The influence of pesticide-related survival, 2 weeks after contamination and treatment of shading and harvesting, on the abundances of sensitive D. at the end of the experiment (6 and 8 weeks after contamination) was investigated with an analysis of covariance (ANCOVA). The pesticide-related survival was calculated as the ratio of the mean abundance from the samplings after contamination (11 and 16 days after contamination) to the mean abundance before contamination (−9 days) for each microcosm. Treatment was used as a categorical variable and pesticide survival of sensitive D. as a continuous variable. The models were simplified and validated in accordance with the work of Crawley (2007), by stepwise removal of nonsignificant terms until the minimal adequate model was reached.

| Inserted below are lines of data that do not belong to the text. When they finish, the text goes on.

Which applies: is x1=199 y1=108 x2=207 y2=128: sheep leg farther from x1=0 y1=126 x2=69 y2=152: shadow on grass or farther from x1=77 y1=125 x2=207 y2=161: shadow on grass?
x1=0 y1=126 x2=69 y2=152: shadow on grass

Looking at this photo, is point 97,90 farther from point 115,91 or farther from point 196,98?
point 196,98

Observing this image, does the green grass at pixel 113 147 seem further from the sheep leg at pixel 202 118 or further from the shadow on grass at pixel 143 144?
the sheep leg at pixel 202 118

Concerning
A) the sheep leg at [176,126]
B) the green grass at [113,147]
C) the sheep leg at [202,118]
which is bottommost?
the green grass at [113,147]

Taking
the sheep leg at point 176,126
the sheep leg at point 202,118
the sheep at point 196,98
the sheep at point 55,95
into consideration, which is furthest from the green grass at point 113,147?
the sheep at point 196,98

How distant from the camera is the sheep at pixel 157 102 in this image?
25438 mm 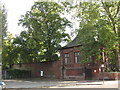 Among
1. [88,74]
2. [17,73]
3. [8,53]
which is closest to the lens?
[88,74]

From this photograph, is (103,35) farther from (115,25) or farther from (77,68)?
(77,68)

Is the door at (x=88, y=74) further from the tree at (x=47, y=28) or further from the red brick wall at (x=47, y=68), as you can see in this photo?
the tree at (x=47, y=28)

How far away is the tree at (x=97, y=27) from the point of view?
29.3 meters

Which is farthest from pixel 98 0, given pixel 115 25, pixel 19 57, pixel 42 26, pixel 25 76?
pixel 25 76

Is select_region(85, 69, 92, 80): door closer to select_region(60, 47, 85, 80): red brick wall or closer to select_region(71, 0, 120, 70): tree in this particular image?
select_region(60, 47, 85, 80): red brick wall

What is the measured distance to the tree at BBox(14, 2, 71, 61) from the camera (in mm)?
41438

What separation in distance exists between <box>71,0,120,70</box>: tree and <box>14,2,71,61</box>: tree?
9650mm

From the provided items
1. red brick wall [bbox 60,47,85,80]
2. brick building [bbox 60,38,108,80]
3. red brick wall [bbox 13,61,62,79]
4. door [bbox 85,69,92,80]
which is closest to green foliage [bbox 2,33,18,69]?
red brick wall [bbox 13,61,62,79]

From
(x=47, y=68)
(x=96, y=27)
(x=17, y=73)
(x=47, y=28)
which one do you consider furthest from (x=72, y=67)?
(x=17, y=73)

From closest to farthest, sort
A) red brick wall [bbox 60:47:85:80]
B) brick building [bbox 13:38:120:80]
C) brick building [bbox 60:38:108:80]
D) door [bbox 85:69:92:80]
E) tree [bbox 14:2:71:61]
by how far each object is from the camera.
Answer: brick building [bbox 13:38:120:80] < brick building [bbox 60:38:108:80] < door [bbox 85:69:92:80] < red brick wall [bbox 60:47:85:80] < tree [bbox 14:2:71:61]

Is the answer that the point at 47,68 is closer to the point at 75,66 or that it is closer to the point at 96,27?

Relations between abundances of sensitive and insensitive D. were tested for significance based on Pearson’s product-moment correlation for normally distributed data (correlation coefficient indicated with r) or Spearman’s rank correlation (correlation coefficient indicated with rho). Outliers were identified by checking correlations for noteworthy data points in fitted linear regression lines and applied model validation according to Crawley (2007).

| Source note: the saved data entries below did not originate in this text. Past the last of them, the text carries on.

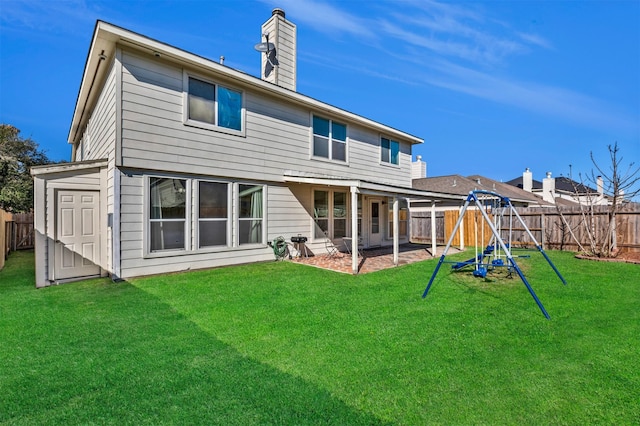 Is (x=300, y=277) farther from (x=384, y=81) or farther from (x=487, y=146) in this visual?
(x=487, y=146)

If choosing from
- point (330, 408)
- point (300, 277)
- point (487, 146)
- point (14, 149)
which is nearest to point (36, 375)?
point (330, 408)

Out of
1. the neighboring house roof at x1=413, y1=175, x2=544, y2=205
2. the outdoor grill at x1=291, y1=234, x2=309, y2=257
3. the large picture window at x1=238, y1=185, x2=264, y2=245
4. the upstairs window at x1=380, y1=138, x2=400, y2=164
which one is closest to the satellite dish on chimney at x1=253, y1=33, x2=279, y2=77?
the large picture window at x1=238, y1=185, x2=264, y2=245

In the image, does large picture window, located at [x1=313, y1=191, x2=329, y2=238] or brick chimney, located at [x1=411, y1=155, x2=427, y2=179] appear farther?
brick chimney, located at [x1=411, y1=155, x2=427, y2=179]

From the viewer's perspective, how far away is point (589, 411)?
2383 millimetres

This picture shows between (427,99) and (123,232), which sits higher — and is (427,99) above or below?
above

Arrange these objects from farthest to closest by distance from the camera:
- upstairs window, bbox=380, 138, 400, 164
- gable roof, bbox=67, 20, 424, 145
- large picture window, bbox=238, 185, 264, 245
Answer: upstairs window, bbox=380, 138, 400, 164, large picture window, bbox=238, 185, 264, 245, gable roof, bbox=67, 20, 424, 145

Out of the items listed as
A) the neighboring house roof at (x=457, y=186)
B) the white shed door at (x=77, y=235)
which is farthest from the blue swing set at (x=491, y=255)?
the neighboring house roof at (x=457, y=186)

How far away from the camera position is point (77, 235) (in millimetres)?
6773

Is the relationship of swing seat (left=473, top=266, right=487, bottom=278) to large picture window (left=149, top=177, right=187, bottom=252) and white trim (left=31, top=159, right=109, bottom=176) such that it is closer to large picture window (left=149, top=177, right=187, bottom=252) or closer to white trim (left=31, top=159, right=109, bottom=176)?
large picture window (left=149, top=177, right=187, bottom=252)

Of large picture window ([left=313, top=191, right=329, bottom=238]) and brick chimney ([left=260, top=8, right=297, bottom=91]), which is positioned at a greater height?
brick chimney ([left=260, top=8, right=297, bottom=91])

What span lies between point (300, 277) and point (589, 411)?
5308 millimetres

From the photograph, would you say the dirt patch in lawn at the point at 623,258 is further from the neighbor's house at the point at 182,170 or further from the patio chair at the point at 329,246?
the patio chair at the point at 329,246

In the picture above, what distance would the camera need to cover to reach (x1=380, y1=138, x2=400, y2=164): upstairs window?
509 inches

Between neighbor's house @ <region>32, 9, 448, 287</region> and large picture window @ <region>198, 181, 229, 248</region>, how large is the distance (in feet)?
0.09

We conducted a Principal Component Analysis (PCA) to assess correlations between sensitive D., insensitive D. and other taxonomic groups at pesticide concentrations with partial mortalities (0.03 and 0.3 μg/L). The selection of the linear multivariate method was based on the outcome of a preliminary Detrended Correspondence Analysis (DCA) following Leps and Smilauer (2003). The PCA was conducted and interpreted using correlation biplot scaling with centred and transformed species data (Zuur et al. 2007; Leps and Smilauer 2003). Species data were subjected to square-root transformation for reasons of most possible conformity with the previous univariate analyses. The concentration of the pesticide was log(x + 1)-transformed and added by passive ordination.

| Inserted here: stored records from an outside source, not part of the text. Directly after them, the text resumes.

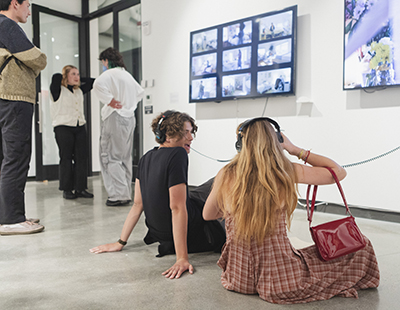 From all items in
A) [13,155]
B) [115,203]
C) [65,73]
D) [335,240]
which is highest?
[65,73]

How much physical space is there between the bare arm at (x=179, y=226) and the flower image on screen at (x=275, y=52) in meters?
2.36

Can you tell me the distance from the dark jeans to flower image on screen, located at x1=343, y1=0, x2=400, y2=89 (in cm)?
274

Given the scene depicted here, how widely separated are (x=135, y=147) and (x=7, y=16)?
3.49 m

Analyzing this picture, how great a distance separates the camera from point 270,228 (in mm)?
1522

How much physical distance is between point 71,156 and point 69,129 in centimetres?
33

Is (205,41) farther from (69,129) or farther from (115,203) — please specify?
(115,203)

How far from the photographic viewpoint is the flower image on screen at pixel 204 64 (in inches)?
175

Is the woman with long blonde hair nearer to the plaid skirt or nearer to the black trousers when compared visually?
the plaid skirt

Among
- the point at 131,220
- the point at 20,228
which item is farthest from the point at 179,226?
the point at 20,228

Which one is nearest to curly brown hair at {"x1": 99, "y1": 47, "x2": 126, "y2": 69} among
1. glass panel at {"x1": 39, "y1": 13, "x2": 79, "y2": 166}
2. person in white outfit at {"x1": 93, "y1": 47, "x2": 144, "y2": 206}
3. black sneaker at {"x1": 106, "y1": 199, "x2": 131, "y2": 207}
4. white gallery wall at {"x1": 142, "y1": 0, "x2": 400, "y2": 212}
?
person in white outfit at {"x1": 93, "y1": 47, "x2": 144, "y2": 206}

For the predicted long-term concentration–response curves we chose three abundances of insensitive D. 6 weeks after contamination, representing different percentiles of the observed abundances (“low” = 10th percentile, “medium” = 50th percentile, “high” = 90th percentile). The abundances of sensitive D. for three concentration–response curves were predicted, one for each scenario of abundance of insensitive D. The predictions on the abundance of sensitive D. at control and every concentration (displayed in % to control) were based on the regression lines that were fitted for relations between abundances of insensitive and sensitive D., 6 weeks after contamination.
Multivariate analyses were conducted using the program CANOCO 4.5 for Windows (Wageningen, Netherlands) in accordance with previous work and guides (ter Braak and Smilauer 2002; Leps and Smilauer 2003). The remaining statistical analyses and graphs were generated with R, version 2.11.1 (R Foundation for Statistical Computing, 2010).